Josh Lerner (no relation to Paulo), who runs the entrepreneurial
management unit at Harvard Business School, is similarly dubious. “Someone is
paying for it, but it’s definitely something that seems to defy the laws of
introductory economics,” he said.
The
question comes down to how much people are willing to pay to be lazy. To
economists, laziness isn’t necessarily a bad thing. To the sympathetic
onlooker, these companies could be a step on the path to the world prophesied
by John Maynard Keynes (and even “The Jetsons”), in which technology advances
to the point that chores are replaced by leisure time. But even this suggests a
gloomy outcome: On-demand delivery could create a two-tier economy — the people
who can afford to hire others to do their errands and the people who do them.
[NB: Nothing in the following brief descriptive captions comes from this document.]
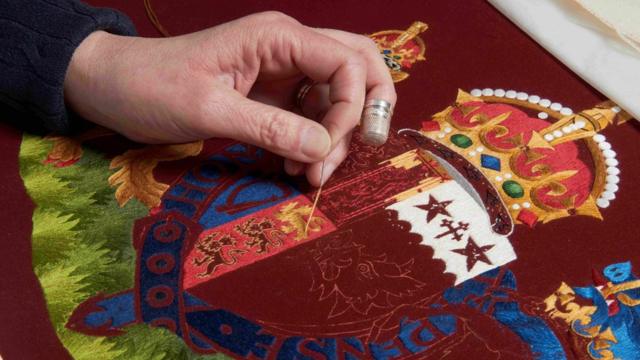 A member of the Royal School of Needlework working on the Chair of State of Queen Consort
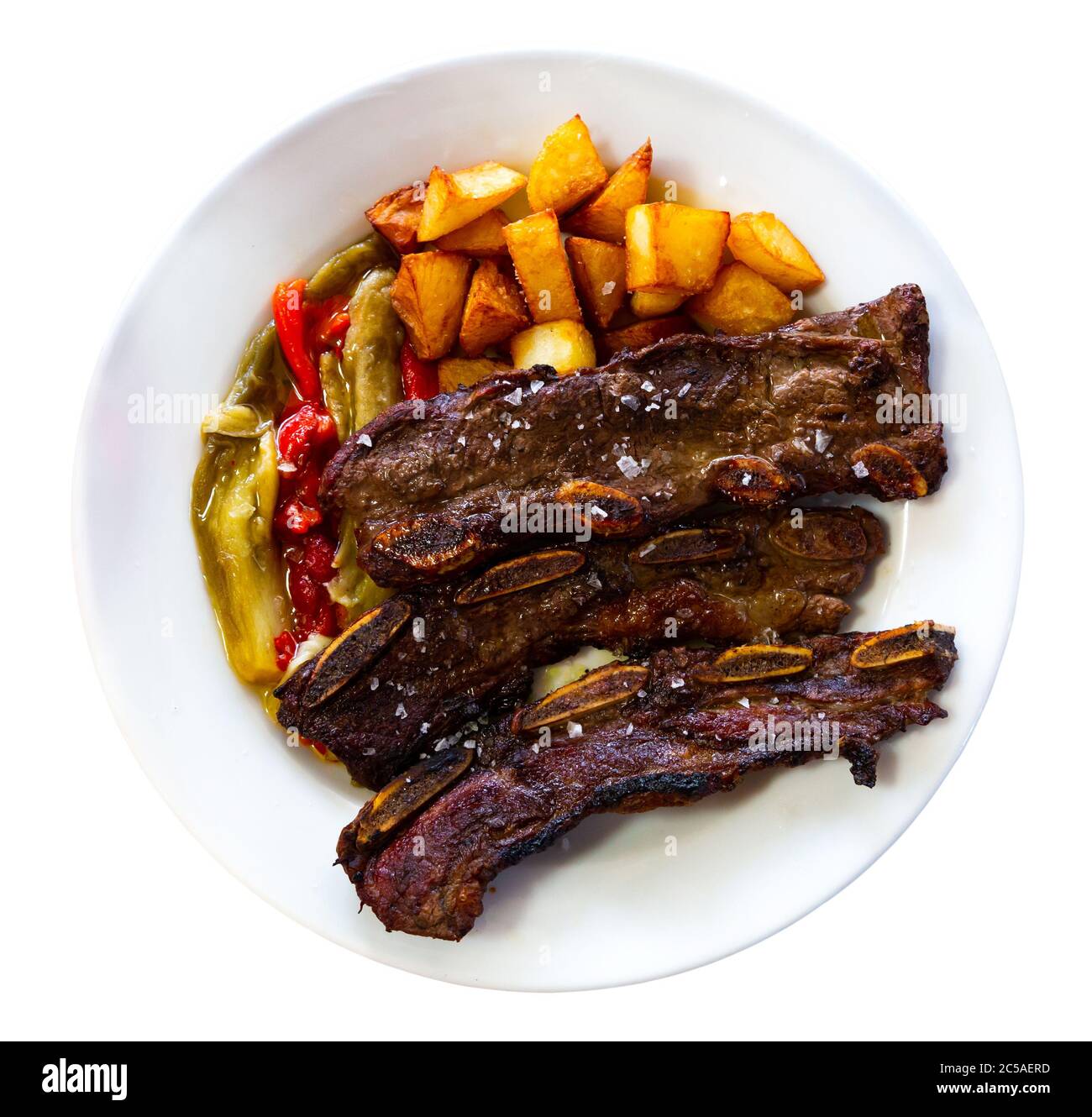 Appetizing grilled beef ribs served on white plate with fried potatoes and baked bell pepper. . Isolated over white background Stock Photo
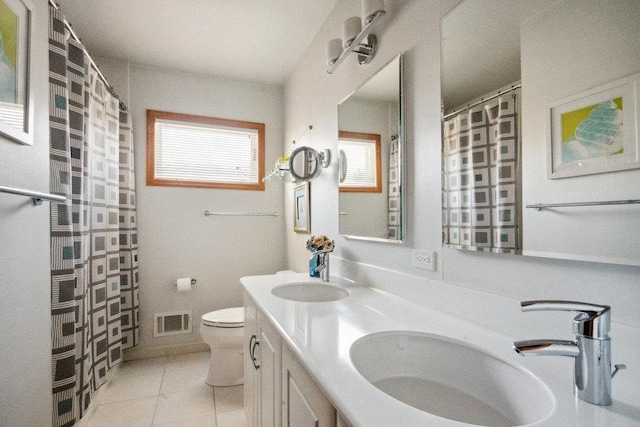 bathroom featuring tile patterned flooring, toilet, visible vents, and a sink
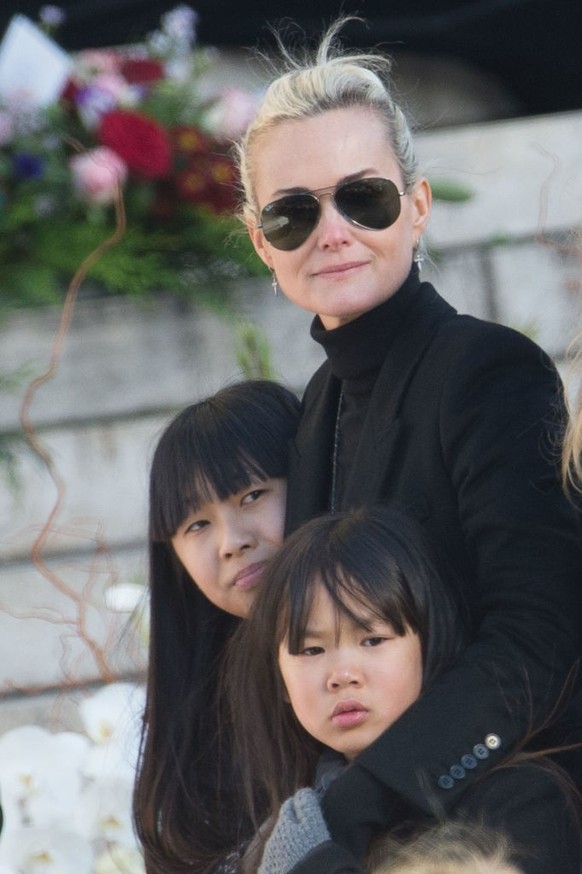 PARIS, FRANCE - DECEMBER 09: Laetitia Hallyday with her daughters Jade Hallyday (L) and Joy Hallyday (R) during Johnny Hallyday&#039;s Funeral at Eglise De La Madeleine on December 9, 2017 in Paris, F ...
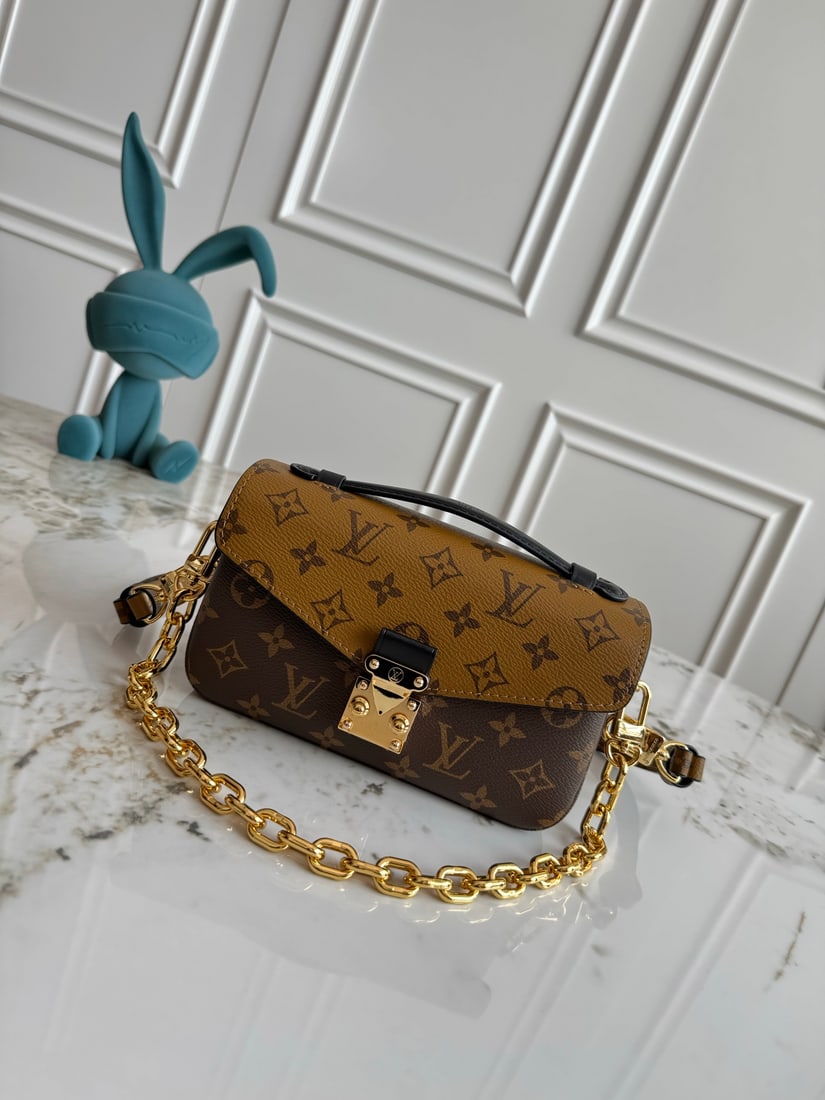 Pochette Metis East West handbag: This Pochette Metis East West handbag features Monogram canvas, cowhide leather trim, and an SXlock clasp, retaining classic elements while incorporating modern details such as a short chain strap for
That is, unless Amazon succeeds in automating grunt work out of existence. (It
already has robots that pick items off shelves and pack them in boxes; it wants
to have a fleet of delivery drones.)
Or it
might be useful to listen to Fred Wilson, the co-founder of Union Square
Ventures, who lost a lot of money on Kozmo. “I wish we knew the answers to
these questions, but we don’t,” he told me. “That’s what’s kept us out of this
market.” He still signs up for new delivery start-ups as a customer, though.
After all, the worst case is that we’ll go back to doing the same thing I did
when Rewinery went under — running out to the store.